At the moment I seem to be a bit lost in myself.
Lost whatever sense of direction I wanted to be moving in, all goals and ambitions.
I have none of that.
Bit disconcerting that I am as miserable and depressed as ever (woo!) and that I can't get any enthusiasm other than for going back to Wales.
A very wise friend told me the other night that basically I am in control of my change, if I don't get motivated and decide what I am going to do, then I have no-one else to blame but myself. It is all down to me to get what I want out of life.
I have been trying to live up to that, but with a million and one things in my head it seems really tough.
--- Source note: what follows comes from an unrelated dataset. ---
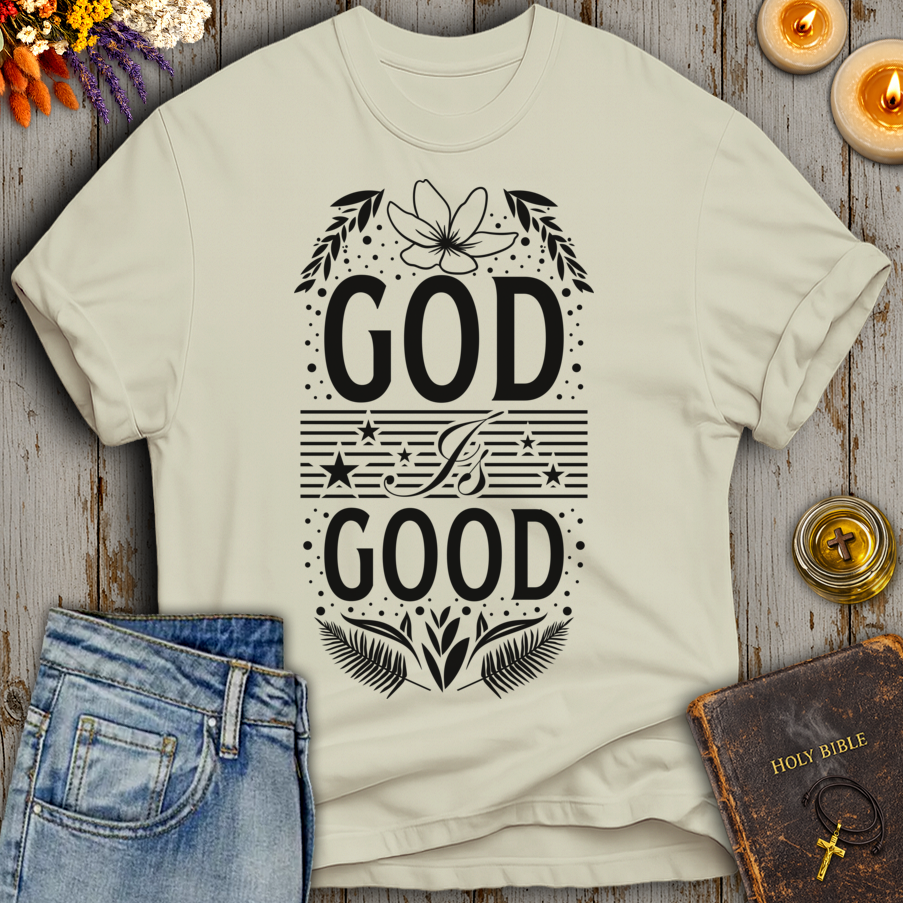 God Is Good T-Shirt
All I ever really want to do is cry or sleep :/
I really do need to sort myself out mind, a new start in every way possible, but it's bloody hard trying to make that first step again to improve my life, especially seeing as it was only last month I applied for jobs, had an interview and consequently failed as usual.
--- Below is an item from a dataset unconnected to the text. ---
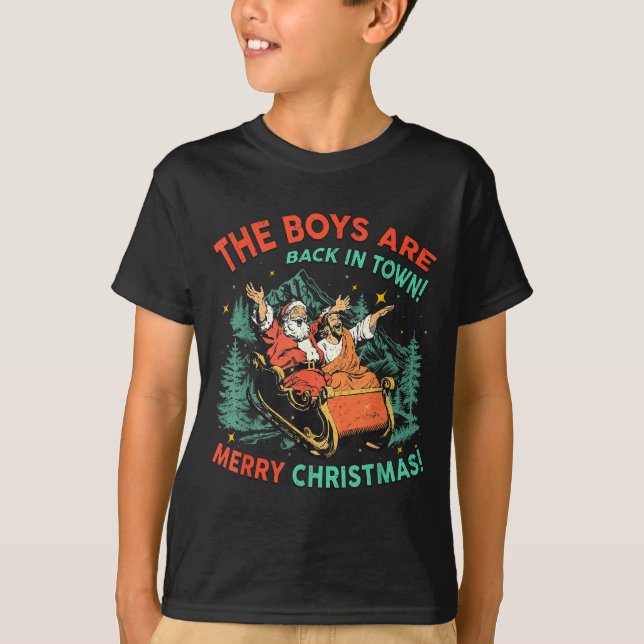 T-shirt Funny Jesus Santa The Boys Are Back In Town Merry  (Devant)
That just shoved me straight back into my little miserable existence.
But now all that is written down, basically I have a record of my little rant.
A year down the line I AM going to look at this and laugh at how sad I was here, and if I don't well to be fair I possibly don't deserve to be living.
Also major fail on my part, but thank you for my comments Laura, I have no idea how I am meant to know if there is any comments, was only a stroke of luck I noticed today!
So if anyone offers some help with my blog inadequacy and can help me work out something so I know, that would be lovely!
As an afterthought, my mood isn't bettered by some changes which are happening in my working life which just makes my travel arrangements more frustrating and complicated.
Feel like I am wasting more of my time as well.
But this shall all be part of the process I suppose to make my life happier.